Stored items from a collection
*****

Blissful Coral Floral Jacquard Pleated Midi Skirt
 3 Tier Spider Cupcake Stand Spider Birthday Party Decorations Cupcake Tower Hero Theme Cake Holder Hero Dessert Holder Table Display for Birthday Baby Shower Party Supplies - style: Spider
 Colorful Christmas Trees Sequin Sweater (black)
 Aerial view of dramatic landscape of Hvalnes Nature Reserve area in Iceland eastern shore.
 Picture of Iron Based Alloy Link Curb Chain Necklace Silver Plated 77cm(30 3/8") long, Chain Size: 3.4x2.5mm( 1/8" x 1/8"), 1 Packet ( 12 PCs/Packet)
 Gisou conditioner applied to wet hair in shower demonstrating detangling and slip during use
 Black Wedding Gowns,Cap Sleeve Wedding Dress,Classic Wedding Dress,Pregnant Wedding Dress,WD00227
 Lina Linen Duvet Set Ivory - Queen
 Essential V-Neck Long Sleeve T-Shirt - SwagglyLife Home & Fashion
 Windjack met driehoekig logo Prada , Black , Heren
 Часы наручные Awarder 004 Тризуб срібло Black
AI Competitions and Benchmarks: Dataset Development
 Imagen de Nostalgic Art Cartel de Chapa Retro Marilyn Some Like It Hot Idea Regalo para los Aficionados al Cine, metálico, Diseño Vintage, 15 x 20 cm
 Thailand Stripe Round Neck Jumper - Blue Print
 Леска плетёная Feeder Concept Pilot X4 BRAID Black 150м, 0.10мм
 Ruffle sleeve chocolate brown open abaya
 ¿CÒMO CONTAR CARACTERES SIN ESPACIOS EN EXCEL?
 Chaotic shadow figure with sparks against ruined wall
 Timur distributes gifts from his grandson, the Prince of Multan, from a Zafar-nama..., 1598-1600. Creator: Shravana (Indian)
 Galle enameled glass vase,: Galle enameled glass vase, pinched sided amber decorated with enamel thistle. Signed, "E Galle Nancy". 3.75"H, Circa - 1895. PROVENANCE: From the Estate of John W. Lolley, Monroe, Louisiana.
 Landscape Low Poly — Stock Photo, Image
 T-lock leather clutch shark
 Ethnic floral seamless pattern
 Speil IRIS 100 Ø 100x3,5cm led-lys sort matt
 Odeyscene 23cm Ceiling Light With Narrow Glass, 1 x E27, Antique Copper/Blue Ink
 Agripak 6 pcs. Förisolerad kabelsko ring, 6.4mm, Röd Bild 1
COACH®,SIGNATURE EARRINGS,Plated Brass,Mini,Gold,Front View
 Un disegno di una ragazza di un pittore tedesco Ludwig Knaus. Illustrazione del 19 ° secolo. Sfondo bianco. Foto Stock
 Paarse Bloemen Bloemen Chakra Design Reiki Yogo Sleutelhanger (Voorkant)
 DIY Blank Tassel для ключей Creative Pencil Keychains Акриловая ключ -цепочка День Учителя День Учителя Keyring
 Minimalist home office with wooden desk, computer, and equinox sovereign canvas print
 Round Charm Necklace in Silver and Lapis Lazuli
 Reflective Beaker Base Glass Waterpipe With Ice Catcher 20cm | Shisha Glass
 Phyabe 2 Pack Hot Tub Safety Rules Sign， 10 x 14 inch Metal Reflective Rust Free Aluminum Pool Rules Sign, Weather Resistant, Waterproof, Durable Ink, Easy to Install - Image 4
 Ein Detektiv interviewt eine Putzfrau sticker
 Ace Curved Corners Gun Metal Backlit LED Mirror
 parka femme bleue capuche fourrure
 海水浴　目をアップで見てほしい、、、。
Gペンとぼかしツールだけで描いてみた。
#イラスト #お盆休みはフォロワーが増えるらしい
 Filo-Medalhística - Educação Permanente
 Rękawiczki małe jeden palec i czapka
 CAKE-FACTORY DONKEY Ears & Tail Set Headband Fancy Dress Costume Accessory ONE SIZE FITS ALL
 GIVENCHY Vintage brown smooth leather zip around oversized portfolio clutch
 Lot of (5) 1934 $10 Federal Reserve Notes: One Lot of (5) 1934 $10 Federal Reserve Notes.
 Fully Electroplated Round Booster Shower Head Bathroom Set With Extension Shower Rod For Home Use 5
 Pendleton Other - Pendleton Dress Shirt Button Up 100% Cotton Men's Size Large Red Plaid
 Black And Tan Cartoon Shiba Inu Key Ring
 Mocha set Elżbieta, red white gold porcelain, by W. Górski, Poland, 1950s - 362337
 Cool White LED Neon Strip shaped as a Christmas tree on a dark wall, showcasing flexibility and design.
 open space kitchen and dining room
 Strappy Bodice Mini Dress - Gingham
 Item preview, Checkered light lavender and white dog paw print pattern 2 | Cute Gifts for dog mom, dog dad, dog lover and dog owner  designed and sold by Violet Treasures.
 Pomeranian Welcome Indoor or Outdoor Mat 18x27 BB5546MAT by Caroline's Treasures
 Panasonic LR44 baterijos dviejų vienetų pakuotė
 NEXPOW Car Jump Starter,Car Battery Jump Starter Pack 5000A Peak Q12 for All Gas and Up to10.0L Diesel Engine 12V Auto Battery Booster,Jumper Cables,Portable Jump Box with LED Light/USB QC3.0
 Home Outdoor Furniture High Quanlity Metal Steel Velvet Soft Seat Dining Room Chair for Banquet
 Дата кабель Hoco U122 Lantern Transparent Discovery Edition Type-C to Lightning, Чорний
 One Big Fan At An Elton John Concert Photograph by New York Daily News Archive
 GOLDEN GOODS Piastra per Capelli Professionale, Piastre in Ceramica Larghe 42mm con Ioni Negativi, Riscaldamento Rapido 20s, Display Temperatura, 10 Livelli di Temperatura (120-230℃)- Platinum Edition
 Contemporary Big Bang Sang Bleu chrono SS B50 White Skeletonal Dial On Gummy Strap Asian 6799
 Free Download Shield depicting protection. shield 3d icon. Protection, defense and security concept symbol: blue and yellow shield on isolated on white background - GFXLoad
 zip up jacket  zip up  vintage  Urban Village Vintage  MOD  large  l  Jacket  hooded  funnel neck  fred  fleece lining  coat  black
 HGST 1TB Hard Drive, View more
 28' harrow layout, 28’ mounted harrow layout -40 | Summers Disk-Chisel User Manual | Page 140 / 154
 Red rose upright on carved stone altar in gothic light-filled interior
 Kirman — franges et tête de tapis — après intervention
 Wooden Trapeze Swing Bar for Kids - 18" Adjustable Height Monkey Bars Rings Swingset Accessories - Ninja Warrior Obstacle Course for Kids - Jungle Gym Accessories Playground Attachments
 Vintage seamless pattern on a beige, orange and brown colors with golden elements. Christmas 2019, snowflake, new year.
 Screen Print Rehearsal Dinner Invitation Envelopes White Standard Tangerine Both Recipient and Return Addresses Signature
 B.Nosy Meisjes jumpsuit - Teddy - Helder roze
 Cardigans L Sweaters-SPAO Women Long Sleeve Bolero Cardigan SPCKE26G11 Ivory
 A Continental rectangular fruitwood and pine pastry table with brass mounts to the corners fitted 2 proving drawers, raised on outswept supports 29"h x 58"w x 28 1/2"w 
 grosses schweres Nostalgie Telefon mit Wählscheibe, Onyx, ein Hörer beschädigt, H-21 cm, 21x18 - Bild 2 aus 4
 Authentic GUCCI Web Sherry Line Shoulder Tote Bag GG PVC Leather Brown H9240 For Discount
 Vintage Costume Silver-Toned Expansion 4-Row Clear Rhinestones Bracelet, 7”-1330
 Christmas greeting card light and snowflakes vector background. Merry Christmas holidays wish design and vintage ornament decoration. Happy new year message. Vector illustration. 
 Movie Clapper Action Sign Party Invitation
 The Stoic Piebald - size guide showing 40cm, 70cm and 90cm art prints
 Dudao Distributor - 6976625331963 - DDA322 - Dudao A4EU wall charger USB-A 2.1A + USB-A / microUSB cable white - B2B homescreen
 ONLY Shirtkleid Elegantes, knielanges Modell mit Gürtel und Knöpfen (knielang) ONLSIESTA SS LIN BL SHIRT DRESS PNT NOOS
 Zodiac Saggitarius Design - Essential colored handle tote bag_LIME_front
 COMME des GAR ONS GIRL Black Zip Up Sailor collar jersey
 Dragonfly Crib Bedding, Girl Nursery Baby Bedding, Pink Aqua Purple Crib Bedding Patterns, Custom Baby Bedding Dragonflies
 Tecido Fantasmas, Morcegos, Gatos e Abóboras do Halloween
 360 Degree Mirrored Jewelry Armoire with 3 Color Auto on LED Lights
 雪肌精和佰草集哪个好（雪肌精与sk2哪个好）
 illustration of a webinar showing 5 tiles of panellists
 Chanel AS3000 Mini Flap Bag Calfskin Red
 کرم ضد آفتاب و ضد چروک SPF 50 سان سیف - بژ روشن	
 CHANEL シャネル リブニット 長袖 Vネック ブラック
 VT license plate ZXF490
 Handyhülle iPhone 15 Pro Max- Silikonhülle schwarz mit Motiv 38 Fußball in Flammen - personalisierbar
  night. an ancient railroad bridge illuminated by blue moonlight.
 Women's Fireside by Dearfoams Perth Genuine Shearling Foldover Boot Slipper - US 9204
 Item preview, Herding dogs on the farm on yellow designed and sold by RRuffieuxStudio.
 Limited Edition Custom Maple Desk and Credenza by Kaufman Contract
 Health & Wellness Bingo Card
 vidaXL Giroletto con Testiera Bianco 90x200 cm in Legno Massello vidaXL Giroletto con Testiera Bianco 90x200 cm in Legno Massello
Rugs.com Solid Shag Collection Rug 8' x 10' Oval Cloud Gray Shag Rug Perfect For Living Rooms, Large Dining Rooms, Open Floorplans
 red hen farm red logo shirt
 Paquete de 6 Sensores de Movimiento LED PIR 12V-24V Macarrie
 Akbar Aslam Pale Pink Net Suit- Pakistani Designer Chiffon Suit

*****

## Task
Each line of the records, from the opening one through the line holding "Agripak 6 pcs.", should be restated word for word, with nothing else in the answer.

## Task answer
Blissful Coral Floral Jacquard Pleated Midi Skirt
 3 Tier Spider Cupcake Stand Spider Birthday Party Decorations Cupcake Tower Hero Theme Cake Holder Hero Dessert Holder Table Display for Birthday Baby Shower Party Supplies - style: Spider
 Colorful Christmas Trees Sequin Sweater (black)
 Aerial view of dramatic landscape of Hvalnes Nature Reserve area in Iceland eastern shore.
 Picture of Iron Based Alloy Link Curb Chain Necklace Silver Plated 77cm(30 3/8") long, Chain Size: 3.4x2.5mm( 1/8" x 1/8"), 1 Packet ( 12 PCs/Packet)
 Gisou conditioner applied to wet hair in shower demonstrating detangling and slip during use
 Black Wedding Gowns,Cap Sleeve Wedding Dress,Classic Wedding Dress,Pregnant Wedding Dress,WD00227
 Lina Linen Duvet Set Ivory - Queen
 Essential V-Neck Long Sleeve T-Shirt - SwagglyLife Home & Fashion
 Windjack met driehoekig logo Prada , Black , Heren
 Часы наручные Awarder 004 Тризуб срібло Black
AI Competitions and Benchmarks: Dataset Development
 Imagen de Nostalgic Art Cartel de Chapa Retro Marilyn Some Like It Hot Idea Regalo para los Aficionados al Cine, metálico, Diseño Vintage, 15 x 20 cm
 Thailand Stripe Round Neck Jumper - Blue Print
 Леска плетёная Feeder Concept Pilot X4 BRAID Black 150м, 0.10мм
 Ruffle sleeve chocolate brown open abaya
 ¿CÒMO CONTAR CARACTERES SIN ESPACIOS EN EXCEL?
 Chaotic shadow figure with sparks against ruined wall
 Timur distributes gifts from his grandson, the Prince of Multan, from a Zafar-nama..., 1598-1600. Creator: Shravana (Indian)
 Galle enameled glass vase,: Galle enameled glass vase, pinched sided amber decorated with enamel thistle. Signed, "E Galle Nancy". 3.75"H, Circa - 1895. PROVENANCE: From the Estate of John W. Lolley, Monroe, Louisiana.
 Landscape Low Poly — Stock Photo, Image
 T-lock leather clutch shark
 Ethnic floral seamless pattern
 Speil IRIS 100 Ø 100x3,5cm led-lys sort matt
 Odeyscene 23cm Ceiling Light With Narrow Glass, 1 x E27, Antique Copper/Blue Ink
 Agripak 6 pcs. Förisolerad kabelsko ring, 6.4mm, Röd Bild 1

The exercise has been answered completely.